A Short Guide on Solution-Focused Brief Therapy

A Short Guide on Solution-Focused Brief Therapy

Solution Focused Brief Therapy is a common type of psychotherapy that is used by many psychologists and therapists. It is based on the idea that an individual should focus on the solutions to their problem rather than the problem itself. Due to its goal-oriented approach to problem-solving, it is one of the most practical therapies that can be used with individuals as well as groups. Moreover, it can help you identify and achieve your goals in a short amount of time.

SFBT (solution-focused brief therapy) involves working with the client to identify their unique strengths as well as the resources they have to create a plan of action through which goals can be achieved. This also involves identifying the obstacles that may prevent them from achieving their desired outcome.

Used in a variety of settings, SFBT is highly effective in dealing with a range of mental health issues like depression, anxiety, stress, relationship problems and more. There are also alternative therapies that follow a similar model, such as solution-focused hypnotherapy. You may need a minimum of six and a maximum of twenty sessions to complete this short-term therapy.

The Origins of SFBT

Before we dive into what steps are involved in SFBT, let’s understand where this therapy originated. SFBT was founded by Steve de Shazer, Insoo Kim Berg, and their colleagues at the Brief Family Therapy Center in Milwaukee, Wisconsin. They developed this approach to therapy based on their own experience working with their clients. They noticed that a lot of traditional therapy methods majorly focused on the problem or what the individual lacks. This inspired them to develop a therapeutic approach that was more solution-oriented and focused on people’s strengths.
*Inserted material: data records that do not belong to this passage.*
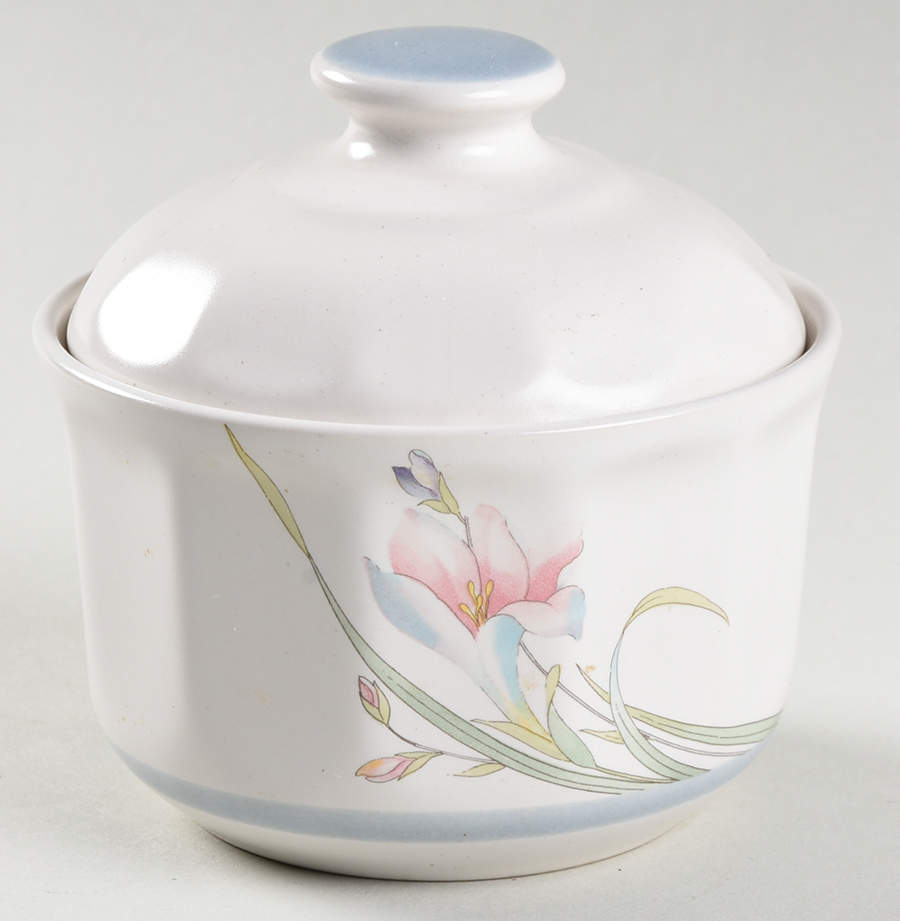 Lisa Sugar Bowl & Lid by Baker, Hart & Stuart-1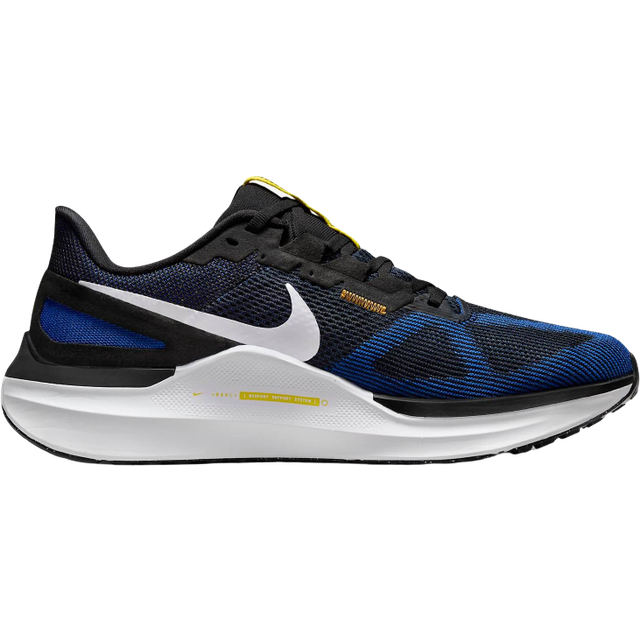 Nike Air Zoom Structure 25 Black Racer Blue Men Sneakers Sundial White DJ7883-003 44.5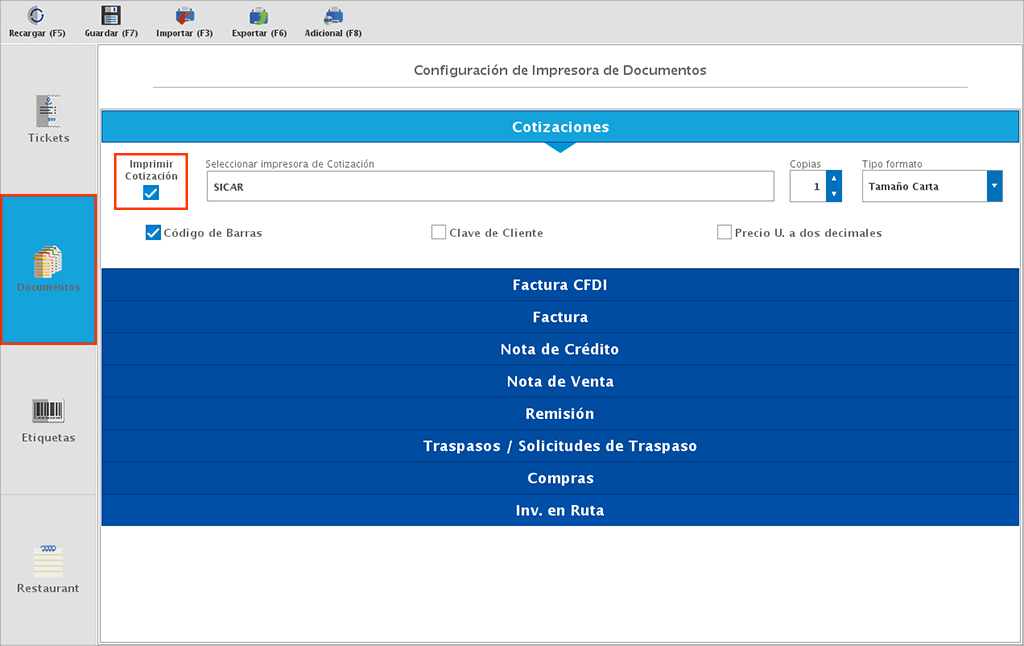 punto de venta-impresoras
Moreover, since traditional therapies often took a lot of time, they tried to develop SFBT as a short-term therapy in which clients could find solutions to their problems in a short period of time. SFBT thus encourages therapists to lead their sessions in a manner that encourages the client to focus on their present and the future, instead of their past.
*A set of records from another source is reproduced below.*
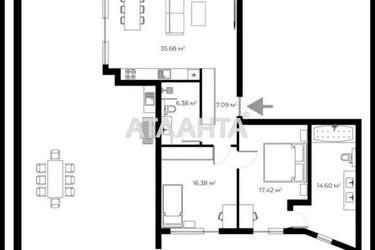 3-комнатная квартира по адресу ул. Mock (площадь 106 м²) - Atlanta.ua - фото 28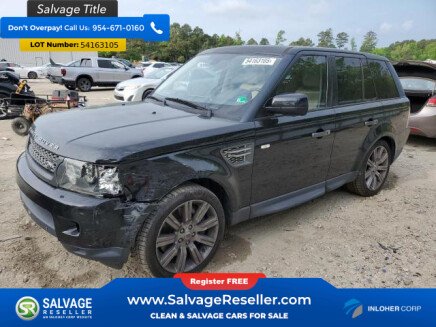 Photo 1 for New 2010 Land Rover Range Rover Sport Supercharged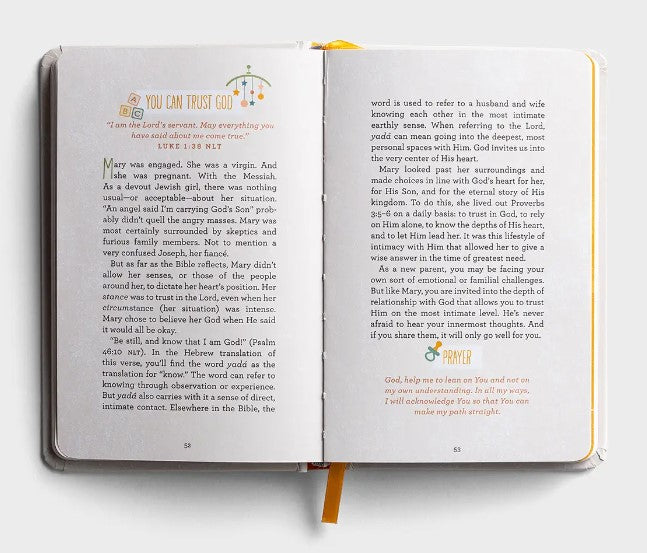 Oh, Baby! Devotions for New Parents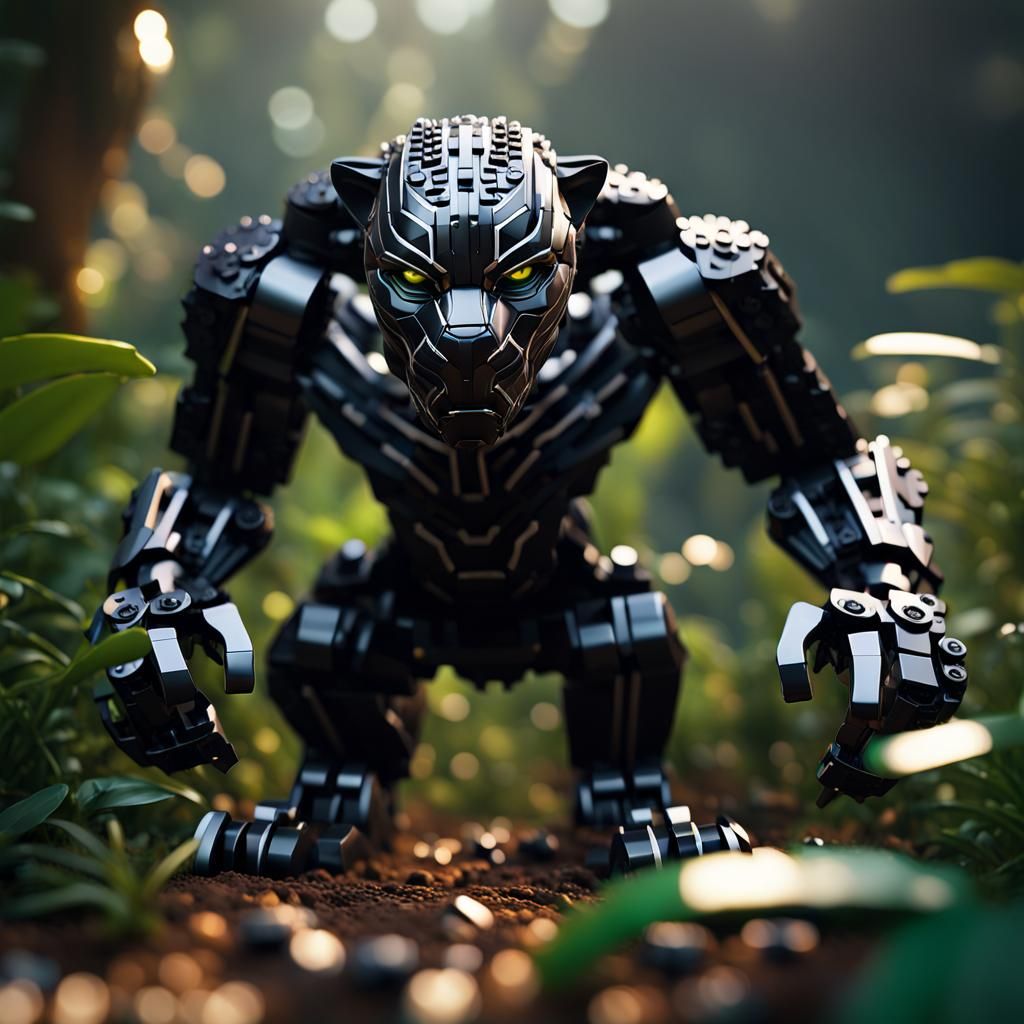 LEGO Black Panther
SFBT has since evolved and has now become one of the most widely used approaches to therapy all around the world. It is currently used in a variety of settings like hospitals, schools, clinics and more.

Conducting SFBT in Therapy

SFBT is one of the most popularly used therapies that focus on the goals that an individual aims to achieve. If you want to incorporate SFBT in your sessions, there are some steps you will need to follow. Let’s explore them in detail.

1 Identifying Goals 

In the beginning of therapy, you will need to work with the client to understand what they are dealing with and what they want to achieve. Your client may not always have clarity on the goals they want to achieve and may need your assistance. However, do remember to keep your goals realistic, measurable and achievable.

2 Identifying Strengths 

In this step, you will work with your client to help them identify the unique strengths that they have. This also includes identifying any successes they’ve had and any achievements they’ve made in the past. Besides that, you will also highlight what resources are presently available to them. This is done to help your client realise that they already have the skills and abilities they need to achieve their goals.

3 Using Scaling Questions

SFBT involves the use of scaling questions that are used to help the client identify what positive changes they want to make in their life. You can use these questions to help your client identify their current rate of satisfaction and the level of satisfaction they wish to achieve with regard to their goals. Doing this helps your client understand the gap between their current standing and their goals. This then encourages them to determine what steps they can take to close this gap.

4 Using Miracle Questions

Along with scaling questions, you may also use miracle questions in therapy. Miracle questions are basically hypothetical questions that prompt the client to imagine what would change if a miracle occurred and their problem was solved overnight. This enables the client to identify the positive changes that they want to make as well as the steps to take to be able to achieve them.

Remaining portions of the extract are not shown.